Let's first define what has become colloquially known as the "Ubisoft Tower". In open-world games, players are offered a large space to explore and play in, but the pace of discovery is managed by the developer. Developers can offer a boundless world with no guidelines like Minecraft, but some want to straddle both lines, offering exploration, but providing certain funnels towards the intended experience.
One way to focus that player experience is to parcel the game world out into distinct, playable chunks. The player's map is covered in a fog of war and subdivided regions, essentially acting as defacto levels. This isn't the only way to go, as there were and are open-world titles without a mini-map or non-diegetic (something that does not exist in the game world) map screen, like Shenmue and its sequel.
You could have the player clear the fog of war manually by walking over every square-inch of the map, but that's rather time-consuming and tedious. At that point, it's almost better to return to completely open-ended exploration. So instead, a developer introduces a challenge mechanic, which when completed, will clear the fog and show you layout of the current area. In The Legend of Zelda: Wind Waker, you reveal regions of the map by hunting for Fishmen and feeding them bait. Opening up these areas on an in-game map allows the player to feel like they're working towards something tangible. (Some players need carrots.)
Open-world games aren't new, but the technological power to build complex and detailed worlds is, and as fidelity trends upwards you need ways to let players know where they can go and what they can interact with. (The latter issue gave rise to Detective Vision, another prevalent mechanic in recent games.)
Given a naturally-styled and high-fidelity open-world, you want points-of-interest to stand out to a player. Continuing the Wind Waker example above, the Fishmen make themselves known by leaping up out of the water; given the vast blue ocean, this movement stands out. Developers are also known to offer direct waypoints and breadcrumbs to a specific structure, in-game highlights via a marker, or an alternate vision mechanic (Detective Vision strikes again). Back in 2007, Ubisoft decided to go with one simple way to solve that problem in its open-world.

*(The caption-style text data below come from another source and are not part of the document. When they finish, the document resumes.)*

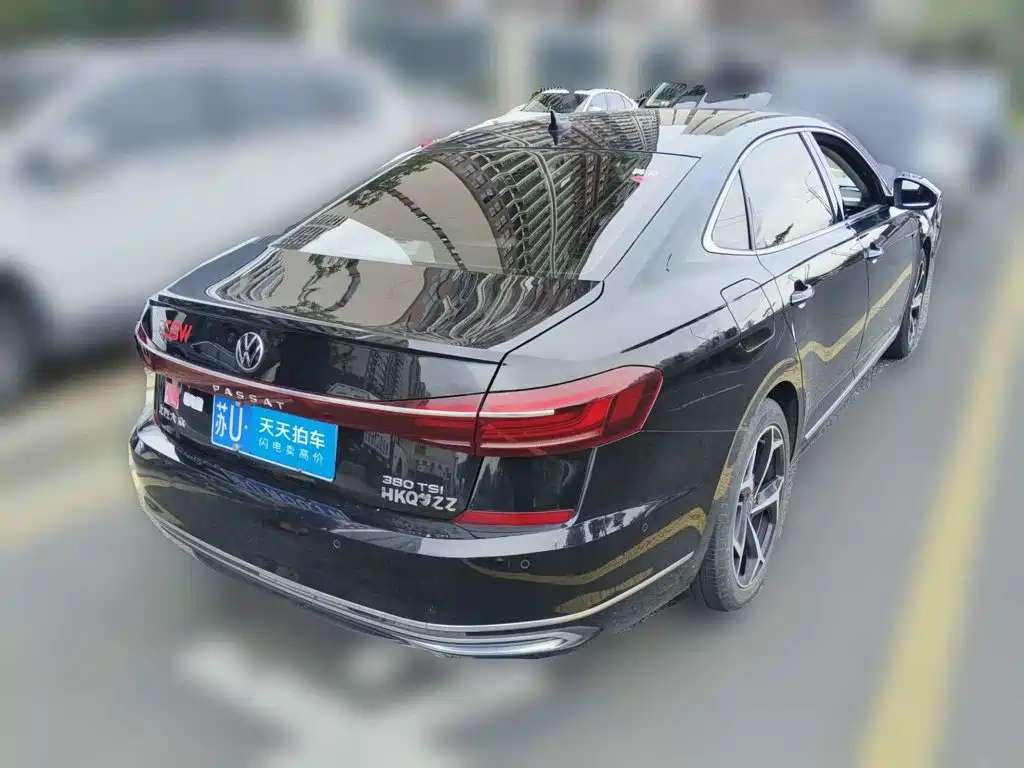 Photo 2 - Volkswagen Passat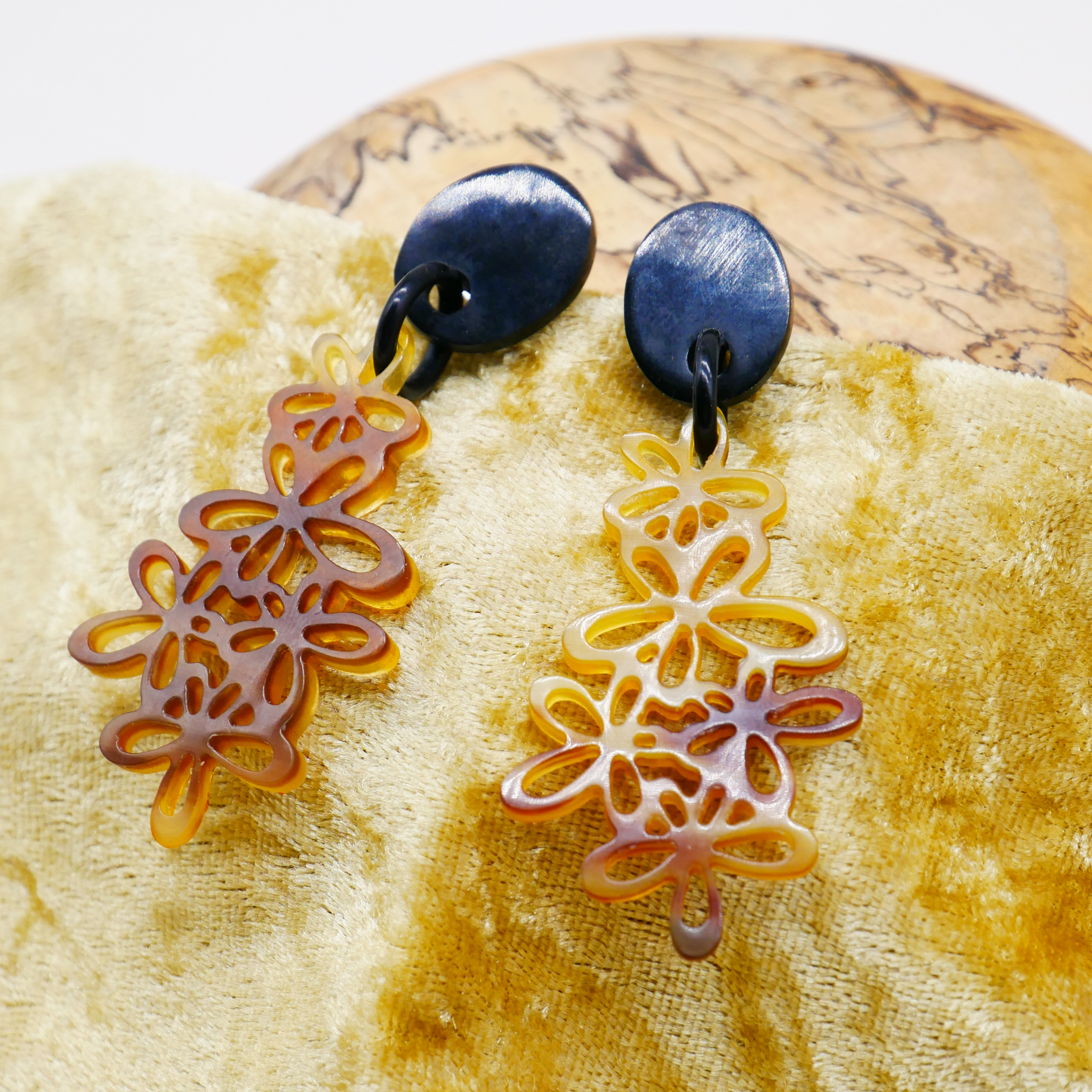 "Craft Art" Ohrring "Blütenzauber" schwarzes und braunes Horn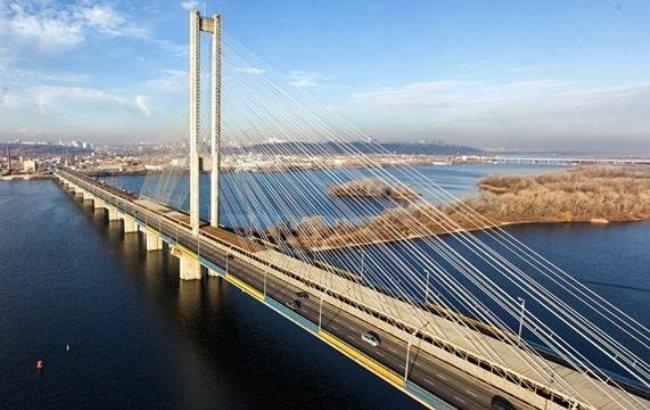 В Киеве почти на месяц частично ограничат движение по Южному мосту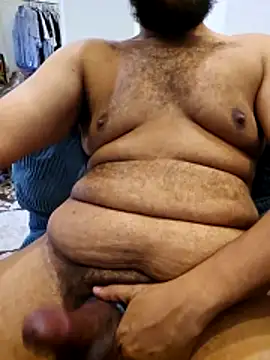 Snapshot of chubfatcock-1 chatting on April 9, 7:58 am chubfatcock-1 online show from April 9, 7:58 am
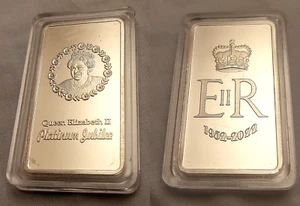 Queen Elizabeth II Silver Bar Coronation King Charles III London Royal Family UK - Imagen 1 de 13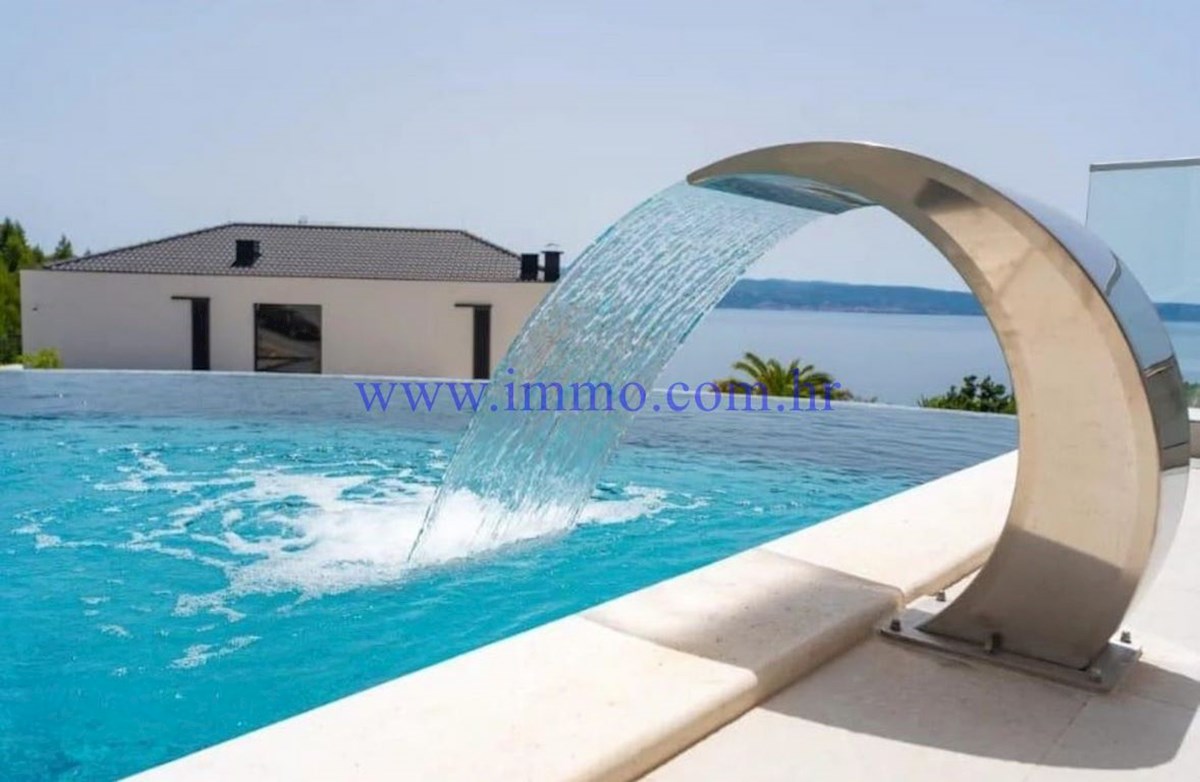 BELLISSIMA NUOVA VILLA VICINO A SPALATO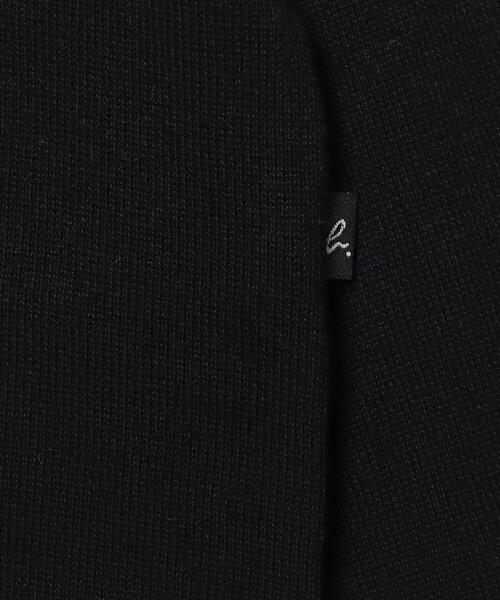 agnes b.（アニエスベー）の「LS40 E CARDIGAN キッズ ハートボタン コットンニットカーディガン（カーディガン/ボレロ・キッズ・ブラック・4YEAR/6YEAR/8YEAR/10YEAR/12YEAR）」の2枚目の写真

Ubisoft's Assassin's Creed was the first title to really offer what would become a staple of the entire publisher. In that game, Ubisoft differentiated your map view points by making them the tallest structures in any region. In the relatively flat cities of the first game, these focal points would draw the player's eye simply by standing above everything else. Given Assassin's Creed's early focus on climbing, seeing a tower offered a natural challenge to a player: "See if you can scale me."
Once you had figured out how to crawl to the top of the tower, you were not only rewarded with a view of the city below, but you also uncovered specific missions within that region of the city. The point was to funnel the player back towards the core game experience: the assassinations.
That's different from something like Far Cry 2, which has a simple in-game map and open exploration, because the focus there is the player surviving against the environment. In the first Assassin's Creed, the open world was a detailed backdrop for the primary conflict; it was built for immersion, not so every part would be an hotspot for useful and engaging play.
The Ubisoft Tower is an expansion on this point. In Assassin's Creed, it's always a series of towers and high vantage points that need to be climbed. This extended into Far Cry 3 and 4, which had Radio and Bell Towers respectively. In Watch Dogs, the ctOS towers didn't necessarily have to be climbed; the challenge was in figuring how to gain access to the server itself. On the back of those three franchises, which released a total of 15 titles since 2007's launch of Assassin's Creed, that the idea of the "Ubisoft Tower" came to be.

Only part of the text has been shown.